Mais dire que le groupe joue la carte de la facilité serait particulièrement injuste. Les compos sont recherchées, les arrangements sont peaufinés et tout ça passe comme une lettre à la poste. L’album s’écoute donc d’une traite sans problème. Certains trouveront surement toujours ça quelque peu répétitif, critique que le précédent volet, ‘Rise Of Brutality‘ s’était aussi vue adressée. ‘Supremacy‘ est même plus lourd et lent que son prédécesseur, mis à part quelques moments ou le tempo s’emporte, comme sur les très bons ‘Defeatist‘ ou le plus oldschool ‘Divine Judgment‘. Le reste des titres sont plutôt à l’image du ‘single’, ‘To The Threshold‘ : très accrocheurs, aux structures très classiques mais pour la plupart aux rythmiques pesantes et écrasantes.

Dans la plupart des cas, ça a pour effet de provoquer une irresistible envie de lancer des roundhouse kicks de joie fulgurants dans l’élément électroménager le plus proche et de remuer les cheveux à s’en démonter les cervicales, comme sur les excellents ‘The Most Truth‘ ou ‘As Diehard As They Come‘ et leurs riffs d’intro tout simplement dévastateurs.

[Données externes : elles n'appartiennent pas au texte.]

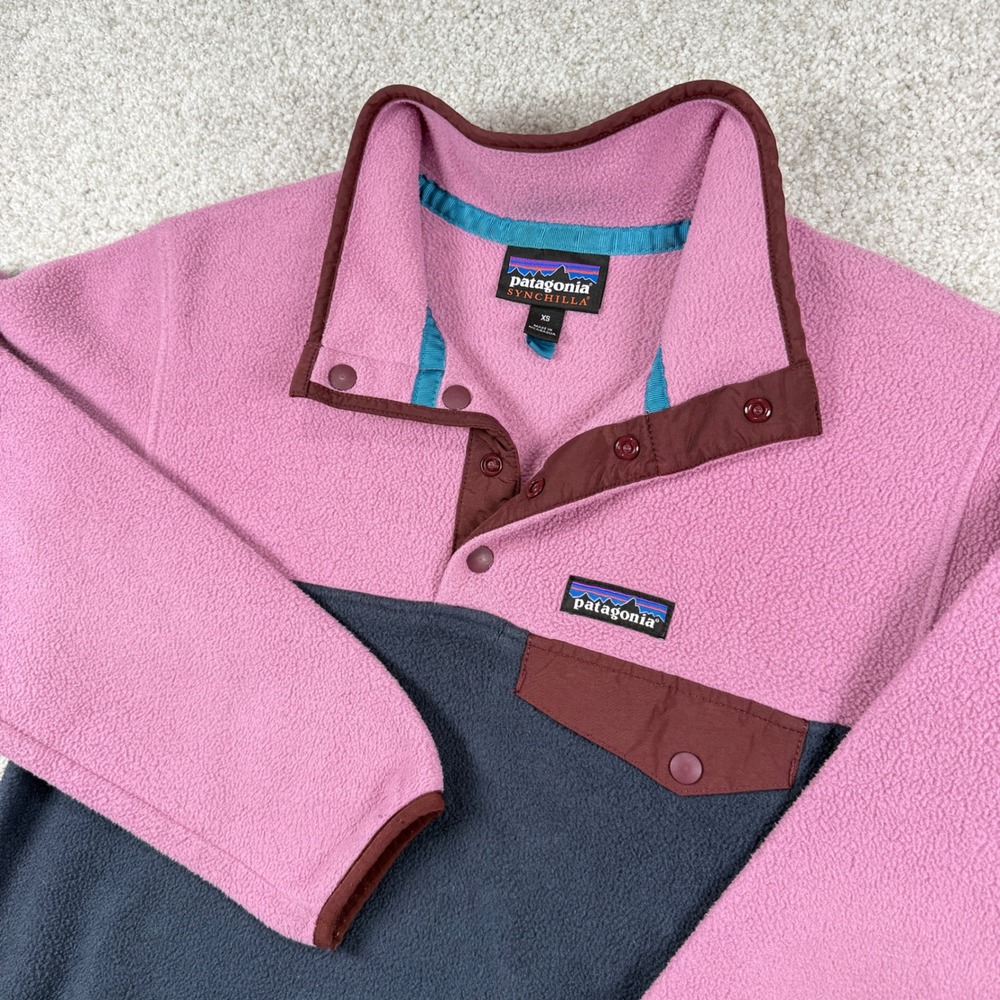 Patagonia Synchilla Fleece Pullover Mens XS Pink Grey Snap-T Colorblock 25450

A d’autres moments, on se surprend à penser que c’est un peu molasson et pas si inspiré que ça, nottament sur ‘Supremacy Of Self‘ ou ‘Never Let It Die‘ qui sonnent désespérément comme du réchauffé, du déjà entendu, du genre qui n’a rien qui sorte de l’ordinaire et pas tout à fait digne du monument qu’est Hatebreed.

On ne peut pas parler de cet album sans s’attarder un moment sur la voix de Jasta. Elle ne faiblit pas avec les années et semble même s’affirmer à travers de nouvelles tonalités plus chantées dans un style plus heavy ou de nouveaux phrasés avec un groove plus présent. En tout cas, Jamey a du coffre et sait gueuler, c’est incontestable. Enfin un petit mot sur la production, le groupe nous ayant habitué à un gros son avec leur deux derniers albums, pas grand-chose de nouveau de ce côté-là. C’est toujours aussi énorme et les guitares sont toujours aussi présentes et efficaces.

Les fans du groupe seront donc aux anges avec ce ‘Supremacy‘ qui offre tout ce qu’on attendait de lui depuis tout ce temps. Il se hisse tout là-haut au niveau du très grand ‘Perseverance‘. Car même s’il comporte peut-être moins d’hymnes au hardcore que ce dernier, il n’en est pas moins efficace et inventif, surtout dans un style ou le renouvellement n’est pas chose facile.